Two couples, old friends, reunite for a dinner after a two-year separation. The host couple suggests that the four try out a new version of the Happiness Pill for a few laughs, a drug called DMT. A mood and mind-altering paradise is promised. Yet, one of the quartet, Jason, is a post-9/11 war veteran who is concealing some damage to his own psyche. After consuming the chemical wonder, he comes across his friend’s computer in another room where an anonymous online entity begins bating him, with knowledge of the secrets Jason has, into taking a God-like approach and acting on his base true feelings about his friends as well as his fiancée Jenna. Jason, apparently, has buried resentments and anger about his friend Eric and Eric’s future wife Kelly and a belief that Eric and Jenna once slept together.

Acting on self-release of his rage, Jason kidnaps the others and subjects each to torture, mind games, and murder. But who is pulling the strings on Jason? Is it his own delusional state or a supernatural presence?

Boss deftly sneaks in a take on that age-old clichéd scenario of God and Satan warring over an individual. Remember the old cartoons which had a character having a choice to make that involved positive and negative connotations and images of a devil and an angel appearing on either side of them, offering their views? For my age group, it would be the scene from the classic 1978 frat comedy Animal House where Eric Stratton mulls what to do with an unconscious female student he’s carrying in a grocery cart.

Images of Eric as both angel and devil appear on each of his shoulders, warring over whether to use the opportunity to have sex. I like that kind of tug-of-war that opens the darkest points of the subconscious for the demons to come out for play. Boss, serving also as scriptwriter, purposely includes vagaries as to the catalyst for events, leaving the audience to make their own conclusions as to who and why. Is it a manifestation of the devil inhabiting the computer and communicating with Jason or is it self as the result of drug-infused hallucination? And I like the ambiguity of the finale where, while not spoiling it for the audience, the question of guilt and who is instigating it is raised.

I was quite shocked to find that this was the first feature to be directed by Boss, whose only previous effort behind the camera was the 2015 short Inimicus. Remarkably, he shows a deft skill for a first-timer in setting up shock pay-off scenes and editing the pace just right as to keep the viewer on the edge of their seat. Checking his resume, it seems Boss has somewhat of a keen interest in the study of moral code dilemmas. The Inimicus short, by description, deals with a woman presented with an opportunity to kill her rapist and her brother’s pleas to spare him. Once again, the back and forth between right and wrong. Which wins out in the battle for soul.

Have to give the special performance honors in the picture to Daniel Felix de Weldon as Jason.
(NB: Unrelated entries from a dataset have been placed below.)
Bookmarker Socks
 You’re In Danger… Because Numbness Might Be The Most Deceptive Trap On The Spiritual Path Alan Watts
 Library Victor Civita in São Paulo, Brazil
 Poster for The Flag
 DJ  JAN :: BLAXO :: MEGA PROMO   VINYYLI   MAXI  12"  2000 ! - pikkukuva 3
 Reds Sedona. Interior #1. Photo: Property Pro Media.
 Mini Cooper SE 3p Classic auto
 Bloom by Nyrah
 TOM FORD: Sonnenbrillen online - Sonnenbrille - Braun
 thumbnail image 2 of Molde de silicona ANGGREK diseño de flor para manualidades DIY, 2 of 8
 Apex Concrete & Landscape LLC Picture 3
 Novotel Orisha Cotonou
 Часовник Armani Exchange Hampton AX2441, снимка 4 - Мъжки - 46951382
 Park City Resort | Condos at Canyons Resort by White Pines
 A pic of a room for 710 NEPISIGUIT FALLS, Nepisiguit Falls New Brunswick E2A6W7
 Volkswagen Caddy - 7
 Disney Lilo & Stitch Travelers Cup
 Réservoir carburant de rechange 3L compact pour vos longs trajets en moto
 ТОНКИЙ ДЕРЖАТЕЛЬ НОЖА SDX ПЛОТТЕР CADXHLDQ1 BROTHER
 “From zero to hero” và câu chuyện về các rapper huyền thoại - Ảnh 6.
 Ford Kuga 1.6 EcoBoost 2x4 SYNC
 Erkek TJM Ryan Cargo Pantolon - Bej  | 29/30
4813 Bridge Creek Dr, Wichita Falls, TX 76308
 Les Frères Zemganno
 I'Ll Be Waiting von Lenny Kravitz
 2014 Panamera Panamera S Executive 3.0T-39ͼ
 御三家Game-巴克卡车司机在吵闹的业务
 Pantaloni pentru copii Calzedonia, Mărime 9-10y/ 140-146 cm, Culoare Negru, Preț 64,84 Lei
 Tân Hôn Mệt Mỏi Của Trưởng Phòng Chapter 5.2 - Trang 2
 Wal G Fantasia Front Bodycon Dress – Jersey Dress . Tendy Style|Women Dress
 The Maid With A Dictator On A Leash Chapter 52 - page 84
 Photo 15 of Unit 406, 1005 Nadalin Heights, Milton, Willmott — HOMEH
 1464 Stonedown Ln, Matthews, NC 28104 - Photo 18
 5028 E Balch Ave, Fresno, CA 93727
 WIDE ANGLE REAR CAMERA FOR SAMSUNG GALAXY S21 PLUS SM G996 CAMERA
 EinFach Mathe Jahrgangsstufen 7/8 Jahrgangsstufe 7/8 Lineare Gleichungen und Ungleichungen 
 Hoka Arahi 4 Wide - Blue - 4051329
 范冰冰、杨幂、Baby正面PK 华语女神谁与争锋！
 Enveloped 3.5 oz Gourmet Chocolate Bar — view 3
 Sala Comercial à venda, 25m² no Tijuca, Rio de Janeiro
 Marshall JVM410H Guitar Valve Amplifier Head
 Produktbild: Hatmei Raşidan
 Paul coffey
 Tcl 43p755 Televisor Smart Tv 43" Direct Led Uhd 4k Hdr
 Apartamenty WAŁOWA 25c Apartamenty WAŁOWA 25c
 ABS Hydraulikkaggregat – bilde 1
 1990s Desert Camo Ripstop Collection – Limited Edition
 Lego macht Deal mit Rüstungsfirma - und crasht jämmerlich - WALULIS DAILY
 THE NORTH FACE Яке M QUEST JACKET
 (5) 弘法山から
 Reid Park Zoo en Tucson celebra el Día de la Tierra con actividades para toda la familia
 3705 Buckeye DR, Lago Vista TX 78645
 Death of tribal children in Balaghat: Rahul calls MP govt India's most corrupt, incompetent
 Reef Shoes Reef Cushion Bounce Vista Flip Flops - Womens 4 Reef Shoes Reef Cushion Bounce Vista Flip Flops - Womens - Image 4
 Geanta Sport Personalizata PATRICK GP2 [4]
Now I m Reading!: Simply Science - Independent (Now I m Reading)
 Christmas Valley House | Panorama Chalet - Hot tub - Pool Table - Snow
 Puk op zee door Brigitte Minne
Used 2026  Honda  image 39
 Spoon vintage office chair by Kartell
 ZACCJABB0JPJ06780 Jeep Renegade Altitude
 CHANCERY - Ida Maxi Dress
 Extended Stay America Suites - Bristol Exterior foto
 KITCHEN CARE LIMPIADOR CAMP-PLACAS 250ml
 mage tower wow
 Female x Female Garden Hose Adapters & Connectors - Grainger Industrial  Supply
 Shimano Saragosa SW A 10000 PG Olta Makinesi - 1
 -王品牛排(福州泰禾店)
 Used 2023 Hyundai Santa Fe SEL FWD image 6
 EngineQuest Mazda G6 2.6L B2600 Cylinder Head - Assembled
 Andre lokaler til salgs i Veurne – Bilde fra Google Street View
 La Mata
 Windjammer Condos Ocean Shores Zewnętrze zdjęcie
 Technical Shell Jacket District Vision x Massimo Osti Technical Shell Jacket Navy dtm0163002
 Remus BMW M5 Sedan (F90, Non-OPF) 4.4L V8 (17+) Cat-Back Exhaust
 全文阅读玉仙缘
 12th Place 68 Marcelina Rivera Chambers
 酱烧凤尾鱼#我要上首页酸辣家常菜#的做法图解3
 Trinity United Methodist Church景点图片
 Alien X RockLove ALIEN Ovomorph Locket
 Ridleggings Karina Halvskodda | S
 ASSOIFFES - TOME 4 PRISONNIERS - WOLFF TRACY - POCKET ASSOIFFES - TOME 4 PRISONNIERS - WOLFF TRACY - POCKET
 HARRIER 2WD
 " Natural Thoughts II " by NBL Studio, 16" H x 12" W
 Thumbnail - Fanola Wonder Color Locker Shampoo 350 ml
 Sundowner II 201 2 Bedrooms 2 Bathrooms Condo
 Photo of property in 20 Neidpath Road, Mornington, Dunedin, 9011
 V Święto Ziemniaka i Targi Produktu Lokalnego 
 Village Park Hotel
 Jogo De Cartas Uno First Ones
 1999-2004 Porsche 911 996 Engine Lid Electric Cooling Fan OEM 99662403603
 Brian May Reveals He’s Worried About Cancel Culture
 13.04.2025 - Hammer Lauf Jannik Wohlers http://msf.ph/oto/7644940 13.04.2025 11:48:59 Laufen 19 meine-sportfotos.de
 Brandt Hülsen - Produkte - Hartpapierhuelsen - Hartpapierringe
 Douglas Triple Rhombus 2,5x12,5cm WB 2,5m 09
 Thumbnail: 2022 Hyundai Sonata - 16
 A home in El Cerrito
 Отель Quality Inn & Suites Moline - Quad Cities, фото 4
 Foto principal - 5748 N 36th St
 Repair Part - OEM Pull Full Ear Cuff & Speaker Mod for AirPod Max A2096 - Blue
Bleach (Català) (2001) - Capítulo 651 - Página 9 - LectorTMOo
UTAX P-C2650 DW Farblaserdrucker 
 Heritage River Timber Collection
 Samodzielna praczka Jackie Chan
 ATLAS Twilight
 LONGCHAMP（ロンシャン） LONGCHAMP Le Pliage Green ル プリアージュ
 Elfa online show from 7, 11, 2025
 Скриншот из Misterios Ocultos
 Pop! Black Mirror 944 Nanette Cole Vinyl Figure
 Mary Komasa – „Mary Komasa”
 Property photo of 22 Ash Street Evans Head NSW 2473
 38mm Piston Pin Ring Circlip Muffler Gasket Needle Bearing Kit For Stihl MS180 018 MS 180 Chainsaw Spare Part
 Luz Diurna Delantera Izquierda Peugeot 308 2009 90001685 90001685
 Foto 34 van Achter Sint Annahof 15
Konstantin Stanislavski promoted the idea of use of face and eyes to express emotion and thought. Don’t know if Weldon ever had the great acting coach on his reading list but he sure does exhibit the tiredness, turmoil and edge of collapse that only someone who has seen far too much can be at mentally in every eye stare. I’ve seen quite a few real war veterans myself who try for that same façade for show. Many don’t do it nearly as well. Daniel is the whole show here really in a central character tour-de-force.

The other four characters (Kelly’s teenaged daughter Emily plays a role in Jason’s hidden lust for underage girls) are really merely collateral damage-headed players in the game for his soul. Bella Shepard channels a hint of Lolita with the sexually burgeoning daughter Emily. David Abramsky, Jessica Boss, and Emily Jordan manage to evoke sympathy for their roles as Eric, Jenna and Kelly, respectively. But the camera eye is on de Weldon and he does not disappoint with his riveting presence.

If you are seeking ordinary stalk-and-slash fare, look elsewhere. However, if you are wanting something with a twist of the ramifications of role-playing as the Almighty mixed in with the sanguinary goings-on, this is just the film for you. You might want to steer clear of computers that anonymously text you comments such as “I know everything about you” when you walk by them. Can’t be a good thing.